L’authenticité de l’épître de Clément est donc solidement démontrée par une tradition très sure. L’origine de la lettre explique sa prompte popularité. Saint Ignace d’Antioche et saint Polycarpe de Smyrne ont connu l’épître de Clément aux Corinthiens. Pour saint Ignace, cela paraît très vraisemblable si l’on rapproche de la lettre de saint Clément certaines expressions de sa lettre à Polycarpe et de sa lettre aux Romains. Quant à saint Polycarpe, il était certainement familiarisé avec le texte de saint Clément, dont on retrouve les expressions et les tours de phrase tout le long de la lettre aux Philippiens.

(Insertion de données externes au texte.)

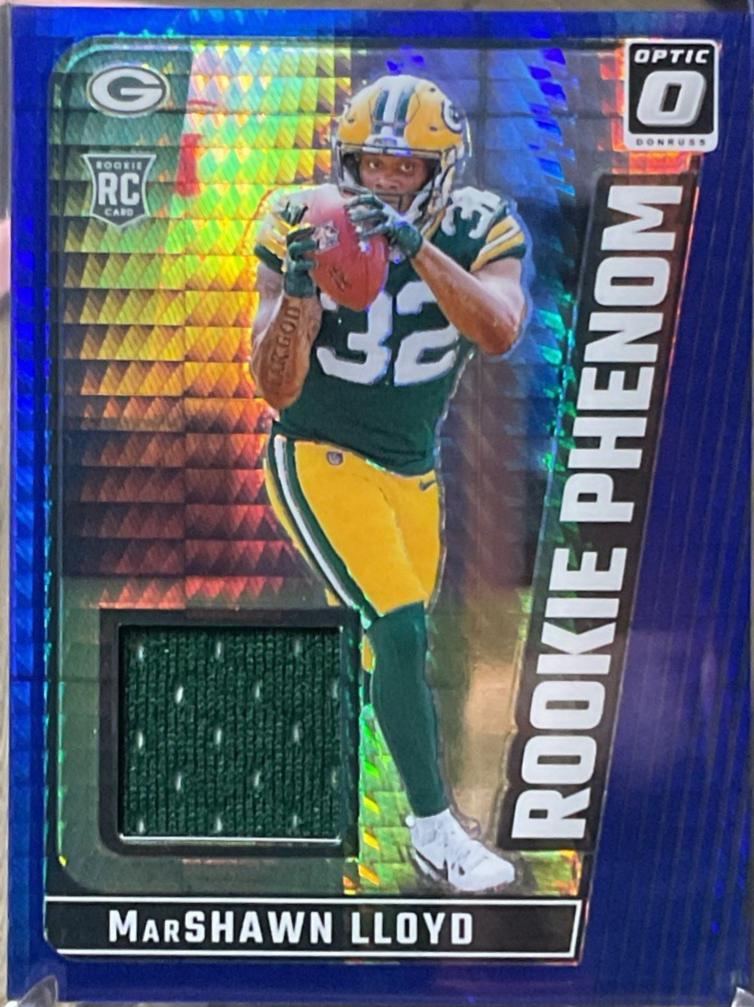 MarShawn Lloyd #RPB-MLD Football Cards 2024 Panini Donruss Optic Rookie Phenom Blue Hyper
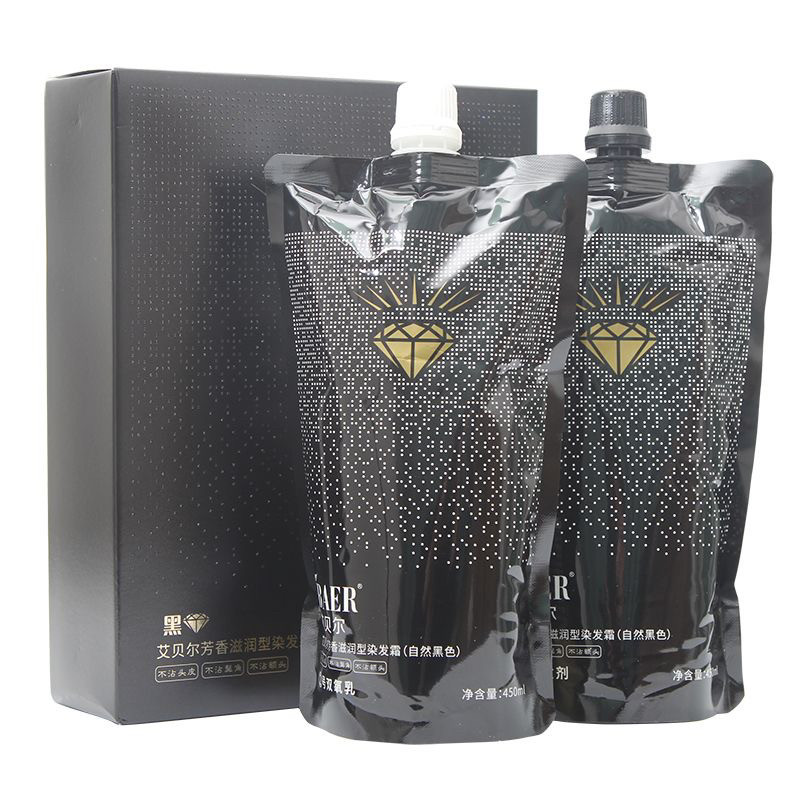 艾贝尔黑钻黑发霜黑色植物染发膏染发剂男士女士中老年不沾头皮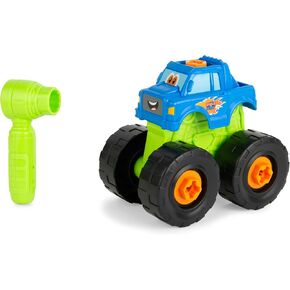 Build-A-Buddy John Deere Dump Truck Toy - Buildable Dump Truck Take Apart Toys with Toy Drill - AA Batteries Included - STEM Building Toys - Yellow - Construction Toys for Kids Ages 18 Months and Up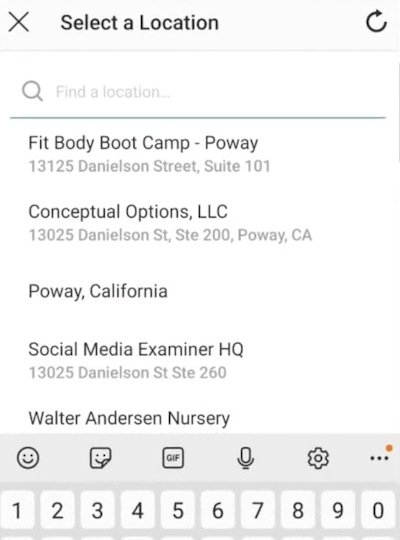 ejemplo de menú de la opción seleccionar una ubicación para la etiqueta de ubicación de instagram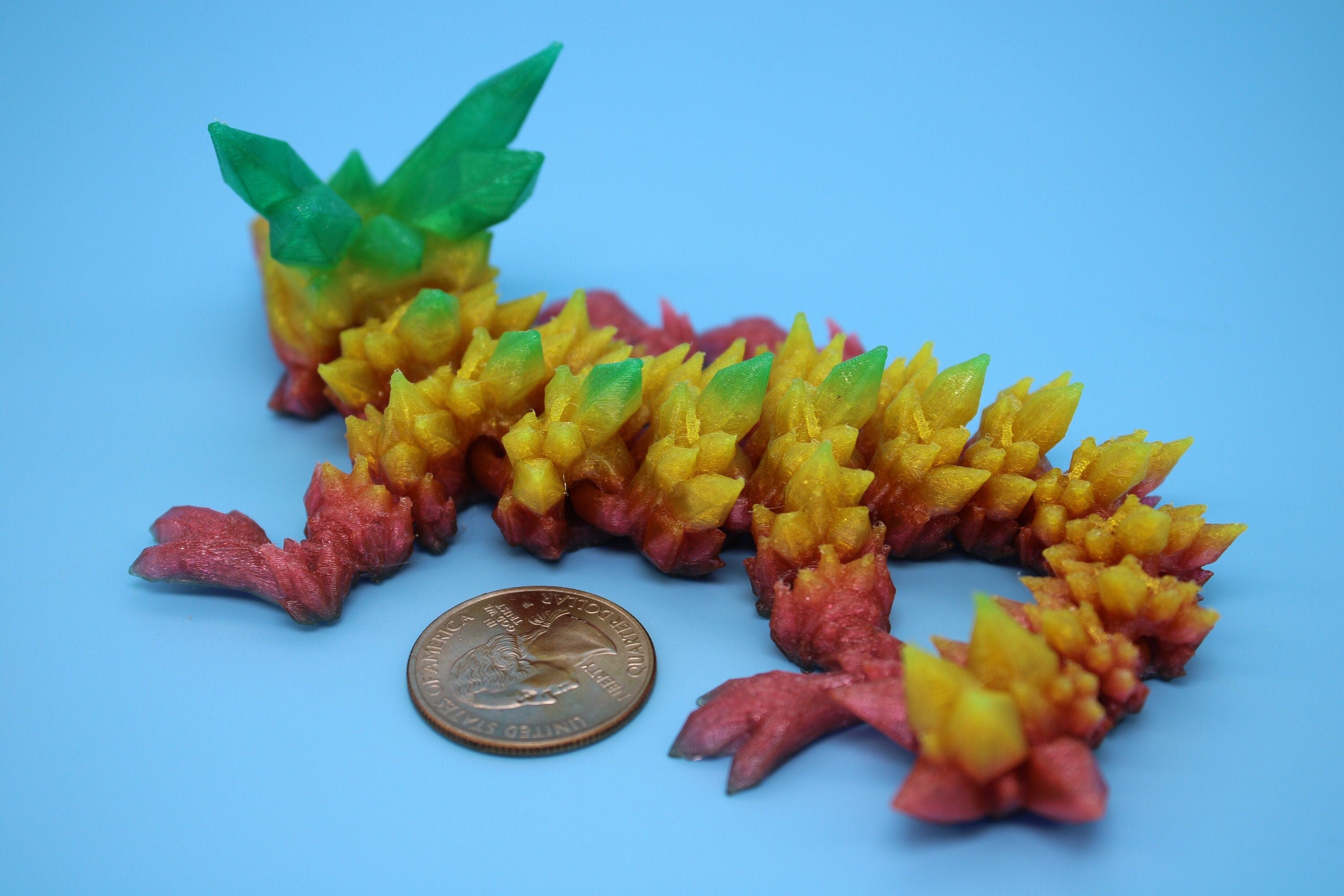 Flexible Miniature Baby Crystal Dragon | 3D Printed Articulating Toy Fidget | 7 in. Dragon buddy. Fidget toy, flexi dragon. (TPU)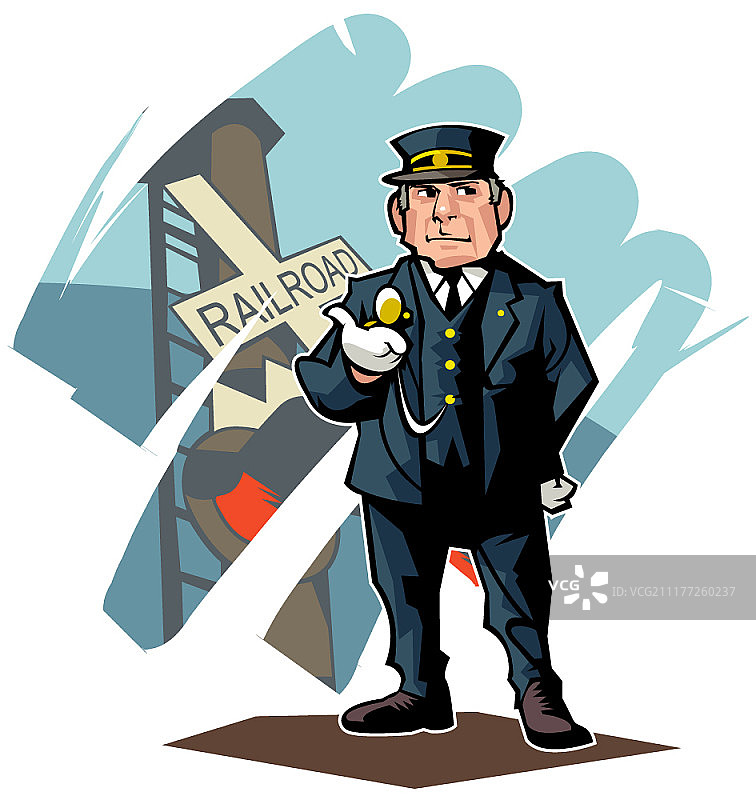 火车工程师职业矢量插画图片素材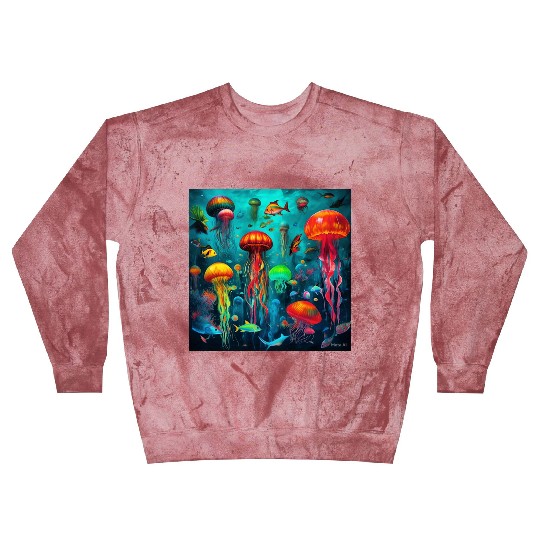 Jellyfish atomic and neon. Blast Sweatshirts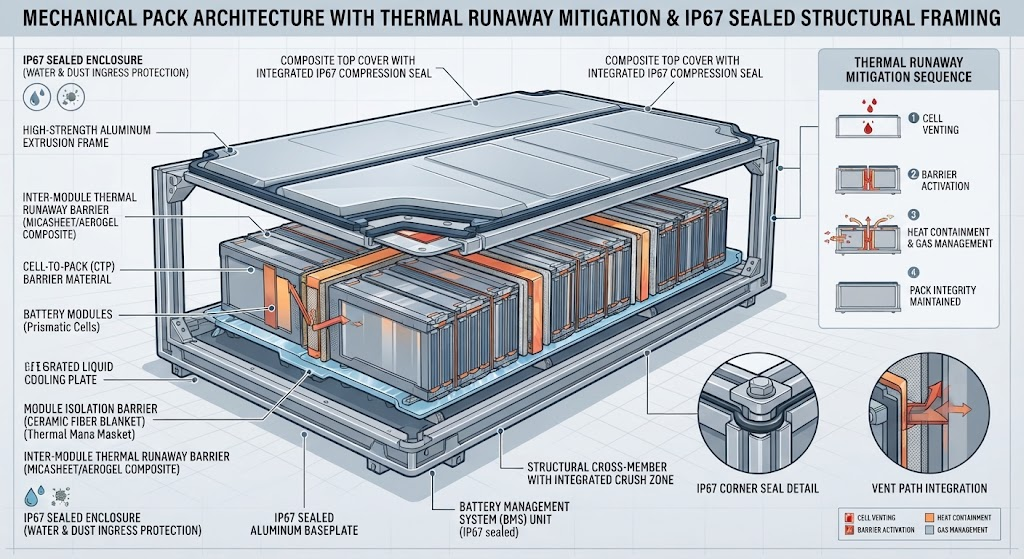 Mechanical pack architecture showing thermal runaway mitigation barriers and IP67 sealed structural framing.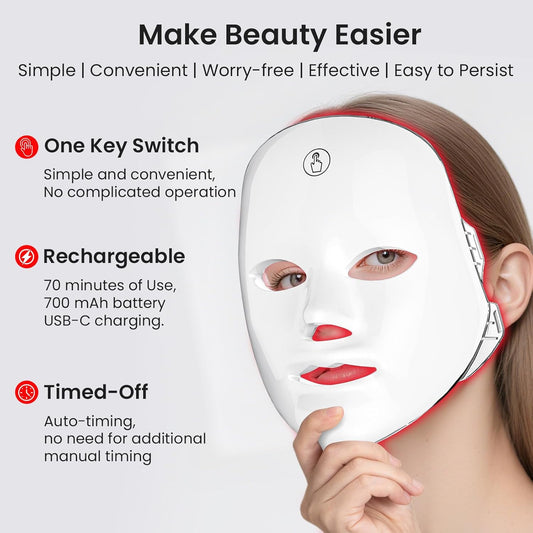 Dluxe Ave. SUERBEATY Red Light Mask For Face 7-1 Colors Red Light Face Mask Facial Mask Skincare At Home Cordless Portable and Rechargeable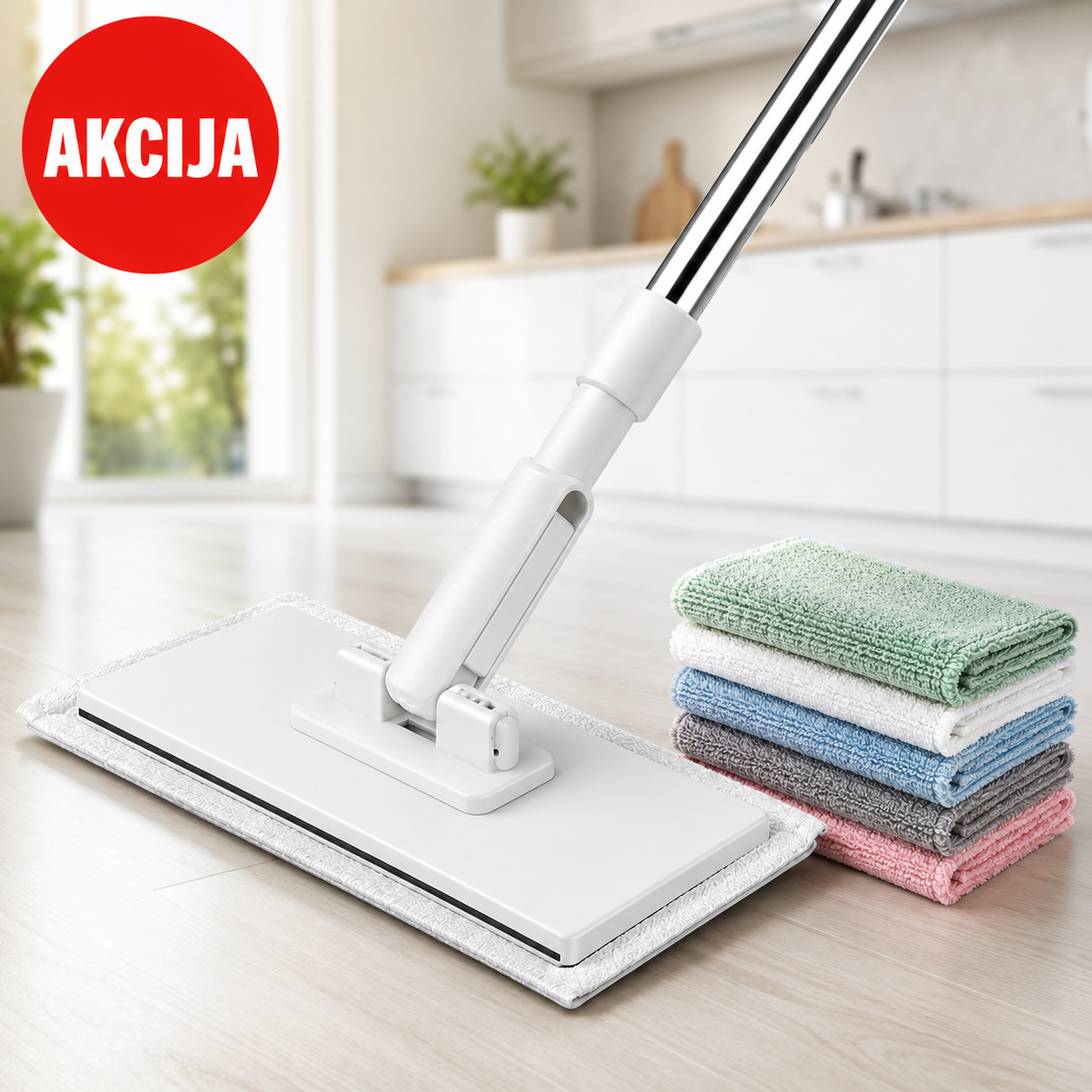 Mop za čišćenje uglova i ravnih površina sa 8 mikrofiber krpa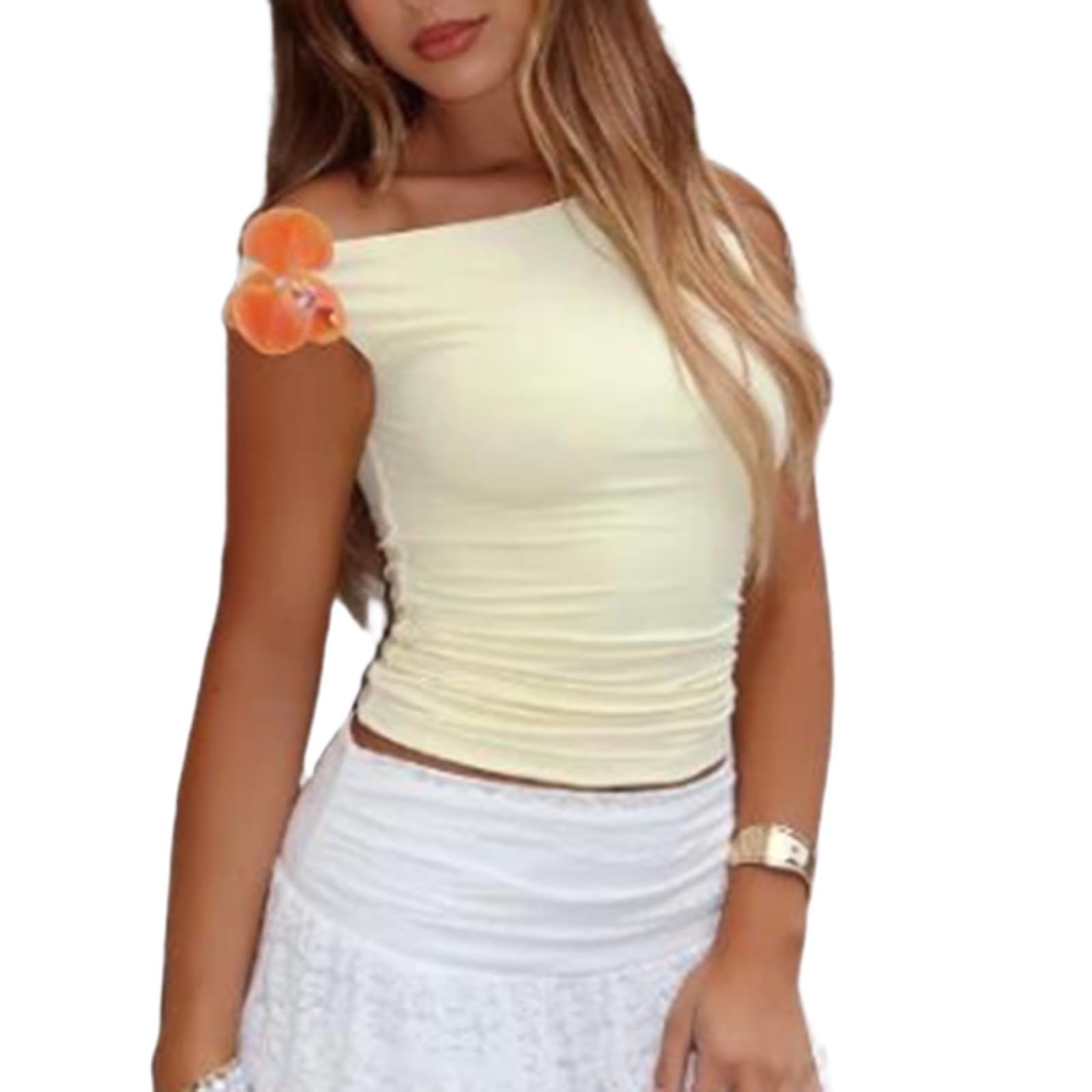 Women 3D Floral Crop Top Casual Solid Color Ruched Front Babytee Summer Off Shoulder Slim Fit Streetwear Shirt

Dans la littérature chrétienne postérieure à Eusèbe, l’épître de Clément aux Corinthiens est mise à contribution par de nombreux écrivains. Saint Cyrille de Jérusalem lui emprunte l’histoire du phénix racontée aux chapitres 25 et 26 (Catéchèses 18.8). Saint Jérôme cite le chapitre 16, dans ses commentaires sur Esaïe (52.13), mais tous ces témoignages dérivés des précédents n’ajoutent rien à la force de la démonstration esquissée par les témoignages des iie et iiie siècles.
L’estime de l’antiquité pour l’épître aux Corinthiens rend très explicable que l’œuvre de saint Clément ait été traitée comme une « Écriture Sainte » chez quelques écrivains, notamment chez Clément d’Alexandrie qui qualifie Clément « d’apôtre » et qu’elle nous soit parvenue à la suite du N.T. dans le ms. Alexandrin et dans la traduction syriaque. Les Canons Apostoliques (85) tiennent l’épître de Clément et la prétendue IIe Clementis pour partie intégrante du N.T.
L’extrême célébrité de saint Clément fut cause que beaucoup d’écrits lui ont été attribués. Outre l’ancienne homélie du iie siècle, que nous éditons plus loin à titre de morceau intéressant de l’antique littérature chrétienne primitive, on a imputé à l’évêque de Rome : 1) deux lettres sur la Virginité ; 2) deux lettres à Jacques, frère du Seigneur, qui ont circulé détachées, mais dont l’une faisait corps avec l’écrit des Homélies ; 3) une série d’homélies dites homélies clémentines qui sont de la fin du iie siècle probablement. Les doctrines y sont incorporées à des récits qui ont été repris dans un roman d’aventures appelé les Recognitiones clementinæ ; 4) plusieurs pièces qui ont pris place parmi les fausses Décrétales. En dépit du nom de S. Clément dont ils se couvrent, ces écrits n’ont aucun titre à être étudiés parmi les ouvrages de la littérature apostolique ; ils appartiendraient à un fascicule d’apocryphes clémentins.